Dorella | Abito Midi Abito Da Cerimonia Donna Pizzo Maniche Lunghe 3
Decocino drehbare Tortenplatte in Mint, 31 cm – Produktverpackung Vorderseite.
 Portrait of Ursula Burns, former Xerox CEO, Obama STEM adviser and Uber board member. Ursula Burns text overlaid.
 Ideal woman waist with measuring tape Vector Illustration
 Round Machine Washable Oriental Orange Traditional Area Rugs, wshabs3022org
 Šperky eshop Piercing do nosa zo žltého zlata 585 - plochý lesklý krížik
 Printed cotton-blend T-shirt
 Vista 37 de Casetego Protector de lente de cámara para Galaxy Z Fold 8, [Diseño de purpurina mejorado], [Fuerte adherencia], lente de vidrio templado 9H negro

+ + + +

WORK INSTRUCTIONS: Only the lines from the one containing "Round Machine Washable" through the one containing "Printed cotton-blend T-shirt" are to be retyped, both boundary lines included, with no other material.

SOLUTION FOR THIS PROBLEM:
 Round Machine Washable Oriental Orange Traditional Area Rugs, wshabs3022org
 Šperky eshop Piercing do nosa zo žltého zlata 585 - plochý lesklý krížik
 Printed cotton-blend T-shirt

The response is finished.